In effetti, questa stessa
profezia dichiara che se stai cercando un’interpretazione semplice (pshat), non
la troverai. Bisogna
vagliarla più in profondità. Bisogna
reinterpretare la sostanza di quel primo invio profetico affinché
corrisponda in ogni aspetto alla profezia stessa. Bisogna
infatti risolvere l'enorme contraddizione presente nella profezia. Quella prima missione profetica fallì e quindi non realizzò
la redenzione. Se fu inviata da Dio doveva sfociare
nella redenzione finale ma, in caso contrario, può forse essere chiamata
missione profetica?
È la sostanza della
profezia che ci fornisce la risposta. Il Signore intendeva realizzare in quel
momento la redenzione finale; era, per così dire, disposto a portarla,
ma il popolo non era degno di accettarlo. Non era una questione da poco. Il Signore dell'universo era disposto
a inviare una meravigliosa rivelazione e una grande salvezza
a Israele e al mondo. Tuttavia, a causa dell'iniquità generale, invece della redenzione dovette mandare la distruzione. Eppure il desiderio del Signore non diminuisce e deve alla fine
realizzarsi. Potrebbe, tuttavia, nascondersi agli occhi
dell’umanità finché Israele non sarà pronto a riceverlo.
Il Signore,
anche quando punisce Israele, non viene meno alla Sua promessa. Israele pecca e
non è degno di ricevere un bene manifesto; riceve
invece un castigo manifesto, ma la volontà nascosta del Dio d'Israele
è sempre quella di portarlo alla fine alla sua perfezione. Tutta la Torà e tutti i Profeti lo affermano, lo annunciano
e lo spiegano. La storia di Israele è la storia di questo
principio.
Del resto, non possiamo nasconderci da questo principio quando
ci sforziamo di capire il senso dell'ultima profezia
di Malachia. La differenza tra redenzione e punizione è esposta qui con chiarezza.

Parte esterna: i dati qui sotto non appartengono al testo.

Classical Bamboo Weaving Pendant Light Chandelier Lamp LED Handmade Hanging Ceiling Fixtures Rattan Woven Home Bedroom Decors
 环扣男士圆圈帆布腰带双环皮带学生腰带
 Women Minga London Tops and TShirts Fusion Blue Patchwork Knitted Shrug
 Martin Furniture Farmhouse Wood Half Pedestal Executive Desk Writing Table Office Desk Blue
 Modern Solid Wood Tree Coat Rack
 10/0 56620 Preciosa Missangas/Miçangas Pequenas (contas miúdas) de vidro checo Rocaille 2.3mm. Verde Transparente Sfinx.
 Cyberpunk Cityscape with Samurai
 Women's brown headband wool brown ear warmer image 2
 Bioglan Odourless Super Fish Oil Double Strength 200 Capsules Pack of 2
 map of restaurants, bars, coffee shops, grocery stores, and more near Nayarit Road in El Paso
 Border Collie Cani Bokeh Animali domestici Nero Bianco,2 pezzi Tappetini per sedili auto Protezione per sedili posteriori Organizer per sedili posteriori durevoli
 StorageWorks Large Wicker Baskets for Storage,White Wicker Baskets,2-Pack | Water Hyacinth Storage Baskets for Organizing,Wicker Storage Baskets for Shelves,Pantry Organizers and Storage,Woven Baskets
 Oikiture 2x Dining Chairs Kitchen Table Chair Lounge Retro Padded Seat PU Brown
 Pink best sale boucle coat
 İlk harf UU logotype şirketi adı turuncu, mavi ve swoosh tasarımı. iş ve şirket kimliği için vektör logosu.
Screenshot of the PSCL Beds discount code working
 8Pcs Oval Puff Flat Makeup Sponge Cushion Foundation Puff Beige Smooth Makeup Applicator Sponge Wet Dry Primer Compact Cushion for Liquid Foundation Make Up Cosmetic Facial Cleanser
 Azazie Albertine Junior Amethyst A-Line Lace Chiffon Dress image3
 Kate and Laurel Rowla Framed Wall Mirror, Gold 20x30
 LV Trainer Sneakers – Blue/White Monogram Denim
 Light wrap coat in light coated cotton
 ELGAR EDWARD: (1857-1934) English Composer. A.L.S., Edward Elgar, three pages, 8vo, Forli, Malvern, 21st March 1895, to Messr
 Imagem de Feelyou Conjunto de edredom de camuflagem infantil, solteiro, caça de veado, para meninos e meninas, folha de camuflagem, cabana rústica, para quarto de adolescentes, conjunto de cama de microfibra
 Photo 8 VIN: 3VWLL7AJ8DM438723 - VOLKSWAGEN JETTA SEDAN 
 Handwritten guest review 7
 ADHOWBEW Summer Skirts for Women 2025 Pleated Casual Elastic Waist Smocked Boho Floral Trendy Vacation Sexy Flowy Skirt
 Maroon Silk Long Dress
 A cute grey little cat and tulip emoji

Se Israele avesse meritato, la volontà divina si sarebbe manifestata
apertamente nella forma della redenzione. In caso contrario,
si sarebbe manifestato il castigo e la volontà redenzionale
sarebbe rimasta nascosta.
Questa è la chiave per
comprendere questa profezia nei termini di quella prima missione profetica che
fallì. Se Israele soddisfacesse
le condizioni di ricordare la Legge di Mosè e desiderasse la
riconciliazione di padri e figli, allora la promessa di inviare manifestamente il profeta Elia verrebbe realizzata. In caso contrario,
riceverebbe la sua punizione e quella prima missione profetica non verrebbe
inviata apertamente ma solo in modo nascosto. Il
castigo si adeguerebbe alla volontà manifesta e la missione si
adeguerebbe alla volontà nascosta di Dio in vista della Redenzione
Finale.
sul GNOMEN 103
Ovviamente il Cristianesimo
tradizionale ha interpretato la profezia come realizzatasi nella missione di
Gesù e nella sua susseguente resurrezione. Per i Padri della Chiesa la redenzione finale è arrivata e tocca
solo all'umanità accettarla. Nell'Epistola ai Romani di Paolo, capitolo
11, potrebbe esserci una contraddizione, ma il Cristianesimo
tradizionale l'ha ignorata. In seguito, la Chiesa ha ipotizzato una seconda
venuta di Cristo, ma solo per porre fine alle contraddizioni storiche tra il bene e il male nel mondo. Giovanni Battista divenne
così l'Elia della profezia e la dottrina
cristiana ha ribadito le cose come stanno. Altrove ho spiegato che l'errore
principale del Cristianesimo tradizionale è
stato quello di interpretare i segni cristiani come i segni finali quando in
realtà erano solo dei segni iniziali. (Tutti gli
errori che derivano da tale interpretazione saranno spiegati, a Dio piacendo,
nel Nuovo Testamento Corretto. Lo scopo del
Libro di Ester 1 è quello di spiegare i Segni Iniziali ricevuti alla
Scuola degli Esseni).
Il giudaismo tradizionale non ha fatto di meglio
nell’interpretare questa profezia. Non è stato evidentemente in grado di
concepire alcuna prima missione (se non in senso vago dei due messia, uno della
Casa di Giuseppe che riesce solo parzialmente e dopo di lui uno della Casa di
Davide che porta a termine l'opera messianica) . L'ebraismo
crede tuttora nell'avvento della Redenzione Finale che
sarà inaugurata dal profeta Elia e realizzata dal Mashiah ben David.
Finito di scrivere il martedì
7 novembre 1995: sepoltura di Yitzhak Rabin, la pace sia con lui.